- Rhonda Cutforth-Jones: Have you ever balled another chick, Mrs Everage?
- Auntie Edna Everage: I may be old fashioned, young woman, but lesbianism has always left a nasty taste in my mouth.
- Colin 'The Frog' Lucas: Mon Dieu. I tell ya, Baz, I'd'a crawled over 'alf a mile of broken glass just to hear that little sheila piss into an empty jam tin.
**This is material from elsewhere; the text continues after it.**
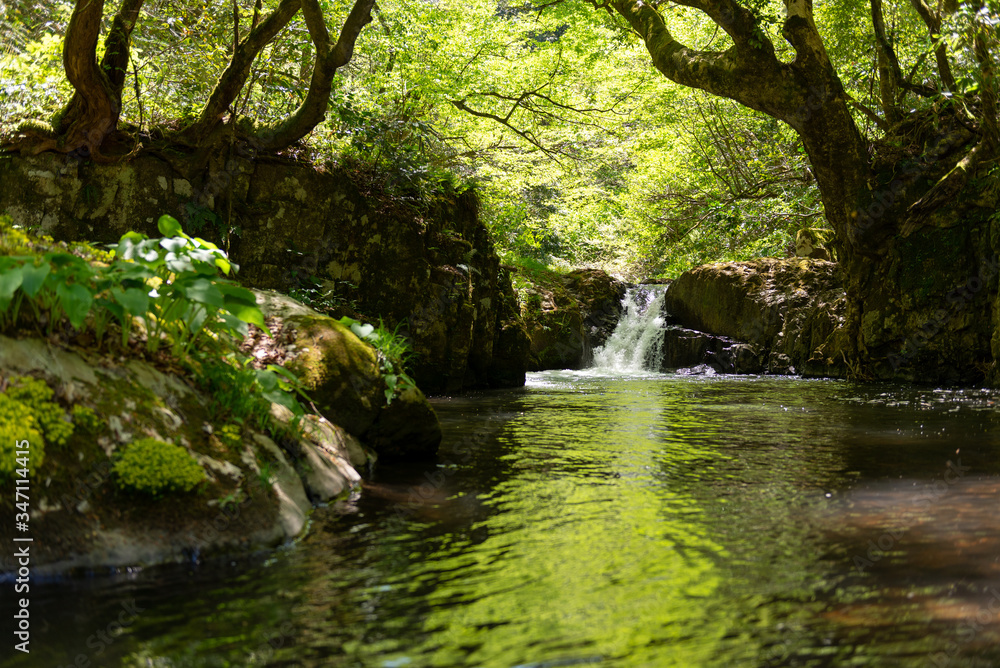 Obraz premium 春の渓流と滝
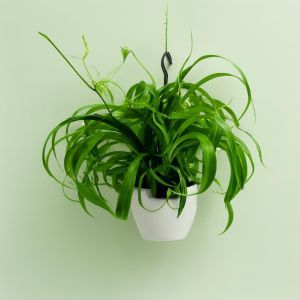 monstera deliciosa var brazil Monstera deliciosa var sierrana Mexico – Amazon Garden Thailand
- [Barry is in an English jail]
- Barry McKenzie: Look, let me out of here. I mean, there'd be no Mother England if it wasn't for Australia. Our fighting men came over here when you Poms were ready to throw in the towel. Musso and them slimy yellow nips would've flattened this dump if it hadn't been for me uncles and their superlative fighting spirit. I mean the game was nearly up for youse poms, no risk. And if it hadn't been for Australia, Musso and them slant-eyed pricks would've strung every white kiddie up by the pills and gone chocka-block with all the nurses and bus conductresses. Oh look, let me outta here you ungrateful Pommy bastard!
- Foureyes Fenton: G'day Alec. They keeping you busy?
- Sir Alec Ferguson: Busy as a one-armed taxi driver with crabs.
- Auntie Edna Everage: Did you know, Barry, that the Prime Minister and I once slept together?
- Barry McKenzie: Aw come off it Auntie, aw I don't believe it.
- Auntie Edna Everage: Yes, Barry. It was at the Sydney Opera House, during the second act of War and Peace.
- Hugo Cretin: How would you like your steak, sir?
- Barry McKenzie: Just knock off its horns, wipe its arse and bung it on a plate.
- Barry McKenzie: I'm that thirsty I could drink out of a Japanese wrestler's jockstrap.
- Auntie Edna Everage: Oh Barry don't make such crude remarks about our dear little stunted slant-eyed yellow friends.